3.4. Resource allocation and prioritisation: Summary assessment
As indicated above, the use of performance information in the budget process within
Germany is at an under-developed stage relative to other OECD countries, although reform
processes are moving in the direction of a presentational approach with which
parliamentarians can feel comfortable. As outlined in Section 6, parliament has an intimate
engagement with the details of the financial allocations during the budgetary phase, and
in the past that institution has been resistant to changes that would alter this familiar
relationship. If the budget process is to serve the interests of citizens in promoting
transparency and efficiency regarding the use of financial inputs, it is necessary that the
strong tradition of financial scrutiny be balanced – within the Federal Ministry of Finance,
within line ministries and within parliament – with attention to the nature and quality of
the corresponding non-financial outputs.
Given the strong autonomy of ministries under Article 65 of the Basic Law, it is not
necessarily within the power of the Federal Ministry of Finance to devise national
programme-based or performance-related frameworks whereby to structure the financial
information, or to impose them within the budget document.

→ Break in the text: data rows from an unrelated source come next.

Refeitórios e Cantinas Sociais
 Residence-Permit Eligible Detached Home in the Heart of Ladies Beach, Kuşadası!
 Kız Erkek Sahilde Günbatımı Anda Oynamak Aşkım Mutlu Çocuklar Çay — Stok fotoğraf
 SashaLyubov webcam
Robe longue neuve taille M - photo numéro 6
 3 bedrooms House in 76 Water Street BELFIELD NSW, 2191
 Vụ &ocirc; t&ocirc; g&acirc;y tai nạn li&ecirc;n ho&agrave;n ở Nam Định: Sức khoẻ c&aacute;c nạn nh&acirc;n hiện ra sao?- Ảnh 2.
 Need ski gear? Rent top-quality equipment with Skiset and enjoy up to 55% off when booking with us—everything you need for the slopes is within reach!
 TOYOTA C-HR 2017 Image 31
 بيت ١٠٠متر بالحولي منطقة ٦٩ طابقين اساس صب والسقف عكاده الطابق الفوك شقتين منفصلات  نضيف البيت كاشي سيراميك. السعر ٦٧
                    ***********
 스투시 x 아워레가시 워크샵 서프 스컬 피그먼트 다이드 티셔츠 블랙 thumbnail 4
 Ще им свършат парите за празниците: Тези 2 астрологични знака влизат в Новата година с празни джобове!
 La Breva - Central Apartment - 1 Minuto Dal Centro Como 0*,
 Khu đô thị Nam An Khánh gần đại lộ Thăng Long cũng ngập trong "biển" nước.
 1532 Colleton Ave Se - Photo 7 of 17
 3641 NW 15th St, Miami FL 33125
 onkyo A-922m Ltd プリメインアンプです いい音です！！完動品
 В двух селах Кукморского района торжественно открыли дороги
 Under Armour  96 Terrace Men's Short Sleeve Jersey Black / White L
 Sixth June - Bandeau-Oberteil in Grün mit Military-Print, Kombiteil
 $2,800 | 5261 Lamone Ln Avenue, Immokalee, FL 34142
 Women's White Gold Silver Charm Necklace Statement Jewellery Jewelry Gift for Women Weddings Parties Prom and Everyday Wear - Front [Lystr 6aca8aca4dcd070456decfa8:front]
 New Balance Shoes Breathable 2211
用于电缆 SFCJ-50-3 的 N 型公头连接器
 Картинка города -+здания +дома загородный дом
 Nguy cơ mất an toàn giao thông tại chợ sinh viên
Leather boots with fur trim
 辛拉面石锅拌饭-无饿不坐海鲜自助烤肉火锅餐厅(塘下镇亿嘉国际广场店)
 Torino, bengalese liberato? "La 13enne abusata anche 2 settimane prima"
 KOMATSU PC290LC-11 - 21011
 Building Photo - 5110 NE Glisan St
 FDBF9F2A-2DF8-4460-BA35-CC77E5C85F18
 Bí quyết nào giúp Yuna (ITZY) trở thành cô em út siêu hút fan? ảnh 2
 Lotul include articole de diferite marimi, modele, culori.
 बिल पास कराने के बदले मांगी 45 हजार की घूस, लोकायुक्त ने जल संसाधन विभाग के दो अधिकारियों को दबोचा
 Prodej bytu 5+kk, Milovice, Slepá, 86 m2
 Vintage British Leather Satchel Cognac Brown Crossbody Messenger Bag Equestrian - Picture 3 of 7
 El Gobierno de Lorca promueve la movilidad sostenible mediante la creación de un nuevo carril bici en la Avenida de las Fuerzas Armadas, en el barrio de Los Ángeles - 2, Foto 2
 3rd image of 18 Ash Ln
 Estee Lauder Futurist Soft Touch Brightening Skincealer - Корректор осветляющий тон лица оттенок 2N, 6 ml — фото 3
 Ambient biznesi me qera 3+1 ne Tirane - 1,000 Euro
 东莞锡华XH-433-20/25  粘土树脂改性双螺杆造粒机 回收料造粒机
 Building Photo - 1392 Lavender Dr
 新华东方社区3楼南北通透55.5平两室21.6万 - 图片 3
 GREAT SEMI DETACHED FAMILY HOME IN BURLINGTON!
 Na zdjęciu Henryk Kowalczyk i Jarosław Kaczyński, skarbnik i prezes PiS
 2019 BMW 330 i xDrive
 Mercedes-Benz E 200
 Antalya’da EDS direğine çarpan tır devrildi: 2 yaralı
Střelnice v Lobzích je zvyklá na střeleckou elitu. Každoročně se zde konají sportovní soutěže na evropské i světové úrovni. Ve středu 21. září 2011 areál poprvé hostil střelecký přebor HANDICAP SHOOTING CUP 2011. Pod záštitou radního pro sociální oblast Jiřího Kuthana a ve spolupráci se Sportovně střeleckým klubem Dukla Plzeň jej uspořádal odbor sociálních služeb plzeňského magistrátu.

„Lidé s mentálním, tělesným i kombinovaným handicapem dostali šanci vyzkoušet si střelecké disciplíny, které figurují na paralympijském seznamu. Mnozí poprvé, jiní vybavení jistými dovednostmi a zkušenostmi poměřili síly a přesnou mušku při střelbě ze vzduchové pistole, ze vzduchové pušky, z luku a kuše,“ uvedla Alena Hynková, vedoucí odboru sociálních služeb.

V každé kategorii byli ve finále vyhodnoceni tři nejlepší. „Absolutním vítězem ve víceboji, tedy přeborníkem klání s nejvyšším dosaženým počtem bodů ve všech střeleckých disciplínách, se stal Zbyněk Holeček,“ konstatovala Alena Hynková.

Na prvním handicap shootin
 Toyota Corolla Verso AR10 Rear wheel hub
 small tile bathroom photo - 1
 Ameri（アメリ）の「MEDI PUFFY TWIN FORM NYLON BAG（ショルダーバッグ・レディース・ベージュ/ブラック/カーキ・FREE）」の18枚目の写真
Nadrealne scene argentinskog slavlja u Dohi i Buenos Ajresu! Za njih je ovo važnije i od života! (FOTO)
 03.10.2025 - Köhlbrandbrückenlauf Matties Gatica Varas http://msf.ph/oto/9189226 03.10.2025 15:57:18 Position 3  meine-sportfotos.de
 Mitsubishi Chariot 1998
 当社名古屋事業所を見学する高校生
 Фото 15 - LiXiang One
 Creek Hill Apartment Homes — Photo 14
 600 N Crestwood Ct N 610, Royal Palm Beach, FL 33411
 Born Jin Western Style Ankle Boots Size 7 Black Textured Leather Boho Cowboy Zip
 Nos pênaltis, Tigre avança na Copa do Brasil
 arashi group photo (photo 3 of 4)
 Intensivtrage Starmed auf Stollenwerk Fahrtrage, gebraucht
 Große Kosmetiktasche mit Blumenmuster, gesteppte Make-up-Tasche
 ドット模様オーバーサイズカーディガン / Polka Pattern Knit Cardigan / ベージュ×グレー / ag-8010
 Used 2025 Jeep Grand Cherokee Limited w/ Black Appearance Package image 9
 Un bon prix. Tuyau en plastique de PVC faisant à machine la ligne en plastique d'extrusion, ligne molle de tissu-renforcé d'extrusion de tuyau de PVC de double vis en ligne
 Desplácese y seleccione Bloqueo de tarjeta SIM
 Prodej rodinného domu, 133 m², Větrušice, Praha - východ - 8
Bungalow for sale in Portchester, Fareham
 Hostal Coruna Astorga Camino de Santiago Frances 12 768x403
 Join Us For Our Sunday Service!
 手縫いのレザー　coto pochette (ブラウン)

However, the reform course
upon which the Federal Ministry of Finance has embarked holds promise that the value of
targeted performance information can prove its worth to parliamentarians, and that
progress towards a modern performance-informed budgeting system can be advanced. A
collective government-wide impetus towards greater transparency on these fronts, and


BUDGET REVIEW: GERMANY
OECD JOURNAL ON BUDGETING – VOLUME 2014/2 © OECD 2015
41
support from the Federal Chancellery, would also be effective in overcoming bureaucratic
resistance from within line ministries. 
It can certainly be argued that the marked autonomy enjoyed by line ministries and
executive agencies should properly be matched with greater performance management
capacity to demonstrate that resources are being used effectively and efficiently. Experience
across the OECD indicates that efficiencies are most readily realised at the levels of line
administration and implementation. The work of the Federal Court of Auditors, which is the
chief independent resource for identifying inefficiencies, could also be developed more
systematically within the management information systems of ministries and their agencies
with a view to highlighting good and bad performance (see Section 4.2).
Any reform of the budgetary framework needs to take into account the strength of the
line departments and the support they receive from their respective parliamentary
committees. A number of countries, notably in Scandinavia, emphasise a “bottom-up”
approach to performance information that may be relevant for Germany. In addition, the
UK has increasingly emphasised the need for line ministry support for the use of
performance information and in the Netherlands, the direct link between funding and
performance has been downplayed. There should consequently be good examples that
Germany can take inspiration from.
In countries that emphasise a bottom up approach relatively few mandatory rules for
the use of performance information in the budget process have been set, as is the case in
Germany. Instead the emphasis has been on setting an overall framework in the sense of
requiring a few performance measures in the budget documentation and an annual report.
The content, the targets and the measurements are up to the line departments. To ensure
ownership, the performance framework must be viewed as adding value to the core work of
the line department. This will often mean that performance information that is relevant to
the operational, agency, level of the departments will be what is primarily produced. While
this may not be the most relevant level for the Federal Ministry of Finance or the parliament
it does ensure that it is relevant to the operations on the ground. Table 2 below gives some
examples of approaches that have been seen as effective in other OECD countries.
Table 2.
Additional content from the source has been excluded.